• [EXERCISE PROMPT]
Your answer must be the lines from the one containing "Rosenmysteriet / Ellis" through the last line of the records below, copied exactly, with the pictures left out.

Short web captions
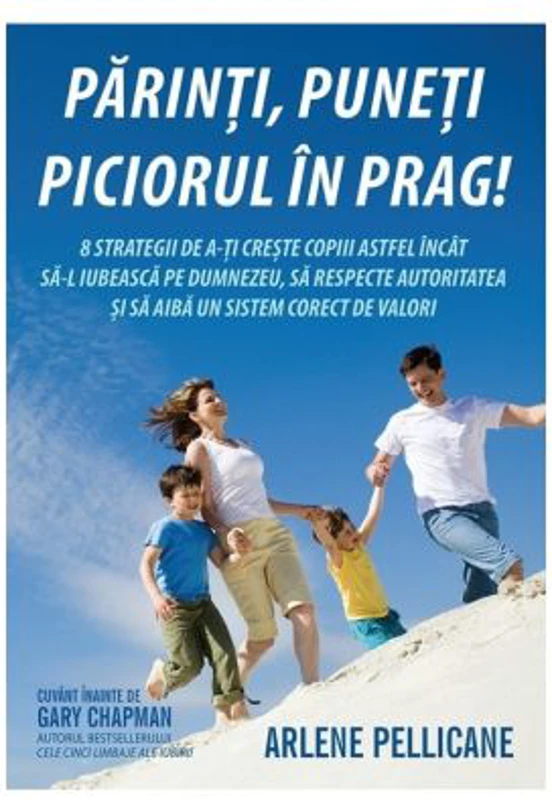 Parinti, puneti piciorul in prag! - Arlene Pellicane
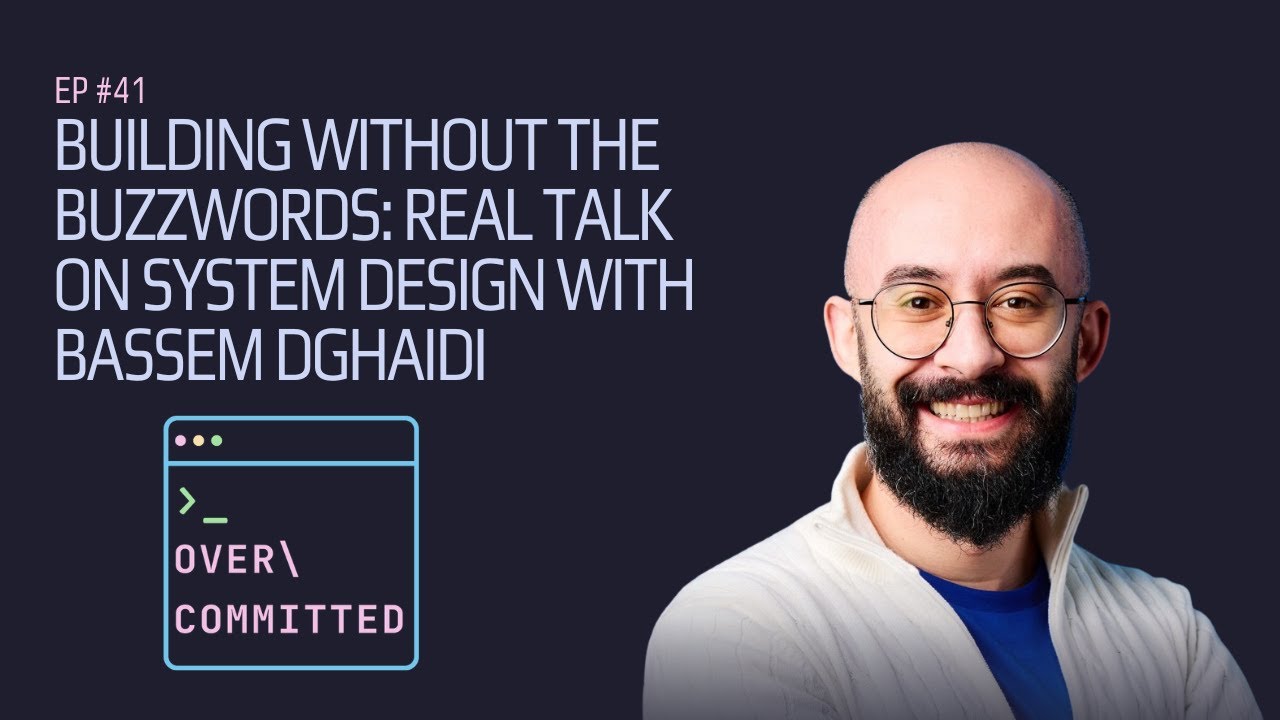 Ep. 41 | Building Without the Buzzwords: Real Talk on System Design with Bassem Dghaidi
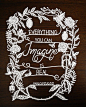 Paper Cut Artwork - love the cutting and the quote #cutpaper #papercraft #cutout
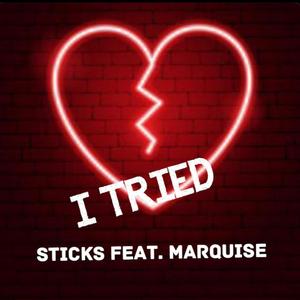 I Tried (feat. Marquise) [Explicit]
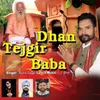 About Dhan Tejgir Baba Song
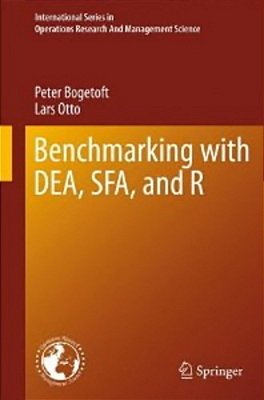 Benchmarking With Dea, Sfa, And R - International Series In Operations Research & Management Science-..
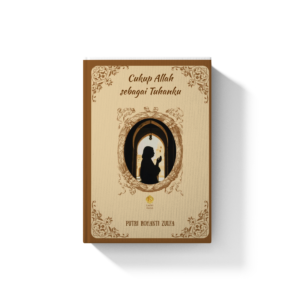 Cukup Allah sebagai Tuhanku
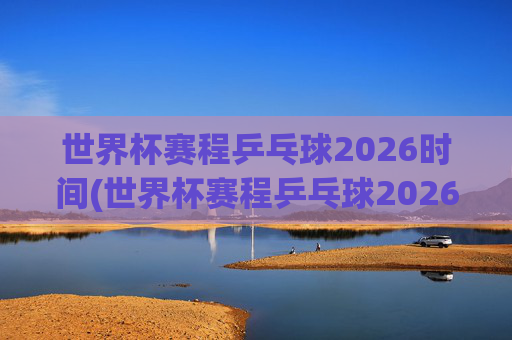 世界杯赛程乒乓球2026时间(世界杯赛程乒乓球2026时间表)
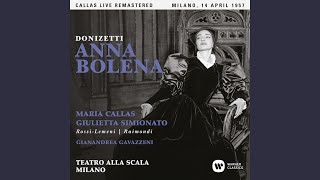 Anna Bolena Act 1 quotIo sentii sulla mia manoquot Anna Enrico Hervey Percy Rochefort Chorus [upl. by Aneerahs]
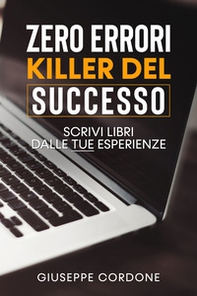 Zero errori killer del successo. Scrivi libri con le tue esperienze - Librerie.coop Zero errori killer del successo. Scrivi libri con le tue esperienze - Librerie.coop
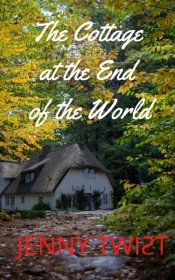 The Cottage At The End Of The World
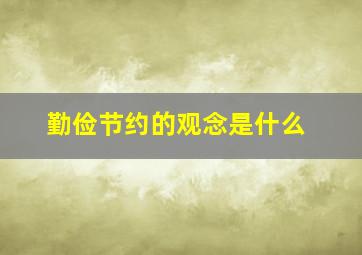 勤俭节约的观念是什么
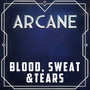 Blood, Sweat & Tears (from 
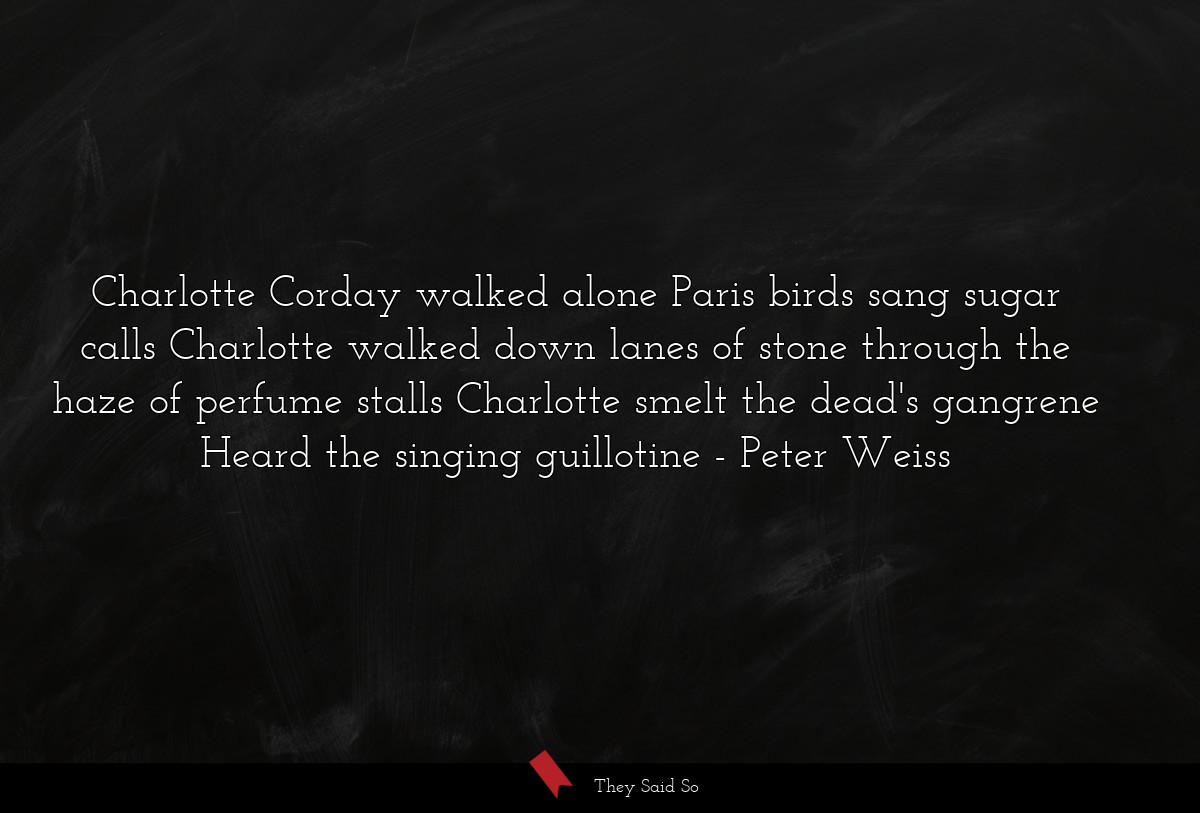 Charlotte Corday walked alone Paris birds sang sugar calls Charlotte walked down lanes of stone through the haze of perfume stalls Charlotte smelt the dead's gangrene Heard the singing guillotine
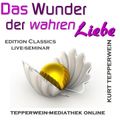 Das Wunder der wahren Liebe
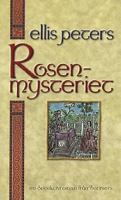 Rosenmysteriet / Ellis Peters ; översättning av Karl G. och Lilian Fredriksson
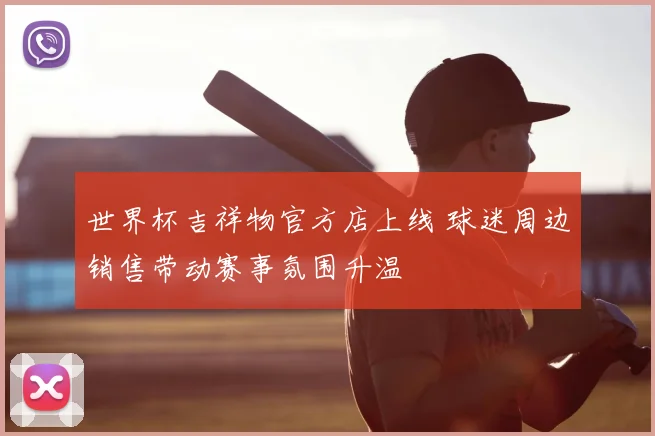 世界杯吉祥物官方店上线 球迷周边销售带动赛事氛围升温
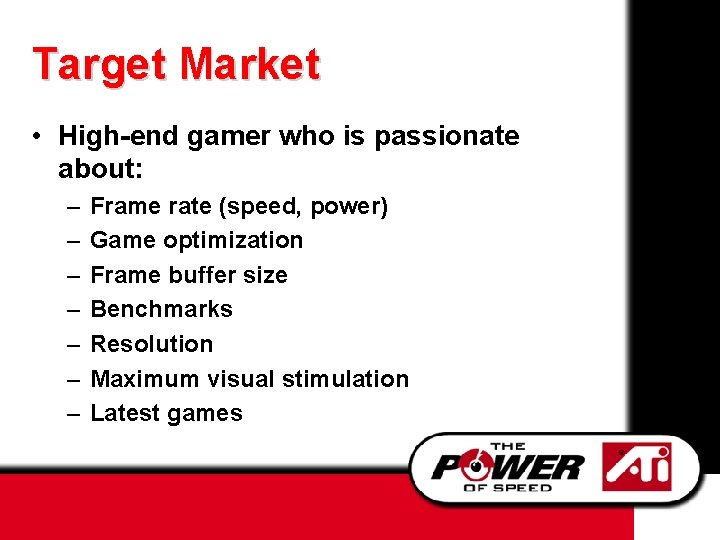 Target Market • High-end gamer who is passionate about: – – – – Frame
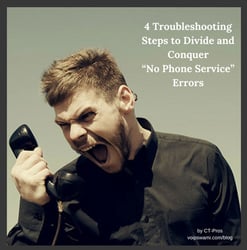 4 Troubleshooting Steps to Divide and Conquer “No Phone Service” Errors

• [SOLUTION BELOW]
 Rosenmysteriet / Ellis Peters ; översättning av Karl G. och Lilian Fredriksson
 世界杯吉祥物官方店上线 球迷周边销售带动赛事氛围升温
 Target Market • High-end gamer who is passionate about: – – – – Frame
 4 Troubleshooting Steps to Divide and Conquer “No Phone Service” Errors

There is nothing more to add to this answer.